> _Required work_
Below are lines of data, and only some are wanted. Please repeat exactly those from the line that has "Illustrator - Wildstyle" through the line that has "Marque Amazon - Movian".

> _Records to process_
■ ■ ■ ■ ■ ■ ■

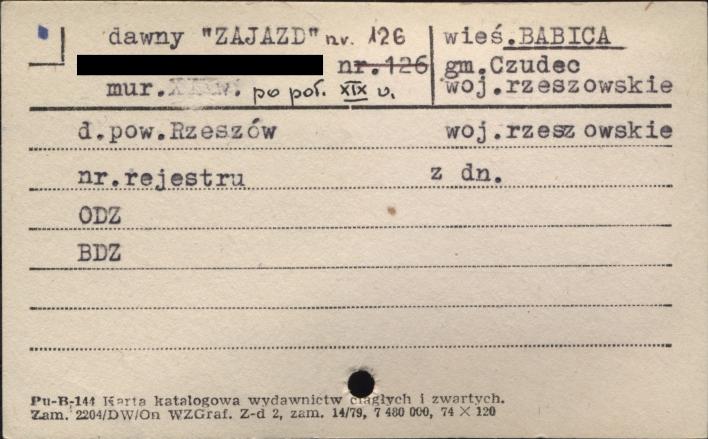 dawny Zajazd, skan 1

■ ■ ■ ■ ■ ■ ■

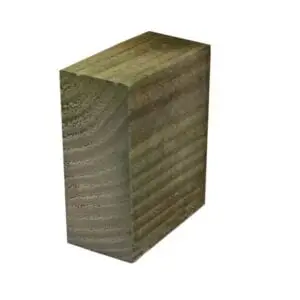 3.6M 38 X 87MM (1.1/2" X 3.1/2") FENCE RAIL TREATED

■ ■ ■ ■ ■ ■ ■

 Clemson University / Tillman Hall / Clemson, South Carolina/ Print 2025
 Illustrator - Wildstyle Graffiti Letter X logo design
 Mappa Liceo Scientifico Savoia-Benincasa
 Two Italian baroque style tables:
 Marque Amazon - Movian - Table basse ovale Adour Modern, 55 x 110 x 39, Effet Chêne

■ ■ ■ ■ ■ ■ ■

> _Solution below_
 Illustrator - Wildstyle Graffiti Letter X logo design
 Mappa Liceo Scientifico Savoia-Benincasa
 Two Italian baroque style tables:
 Marque Amazon - Movian - Table basse ovale Adour Modern, 55 x 110 x 39, Effet Chêne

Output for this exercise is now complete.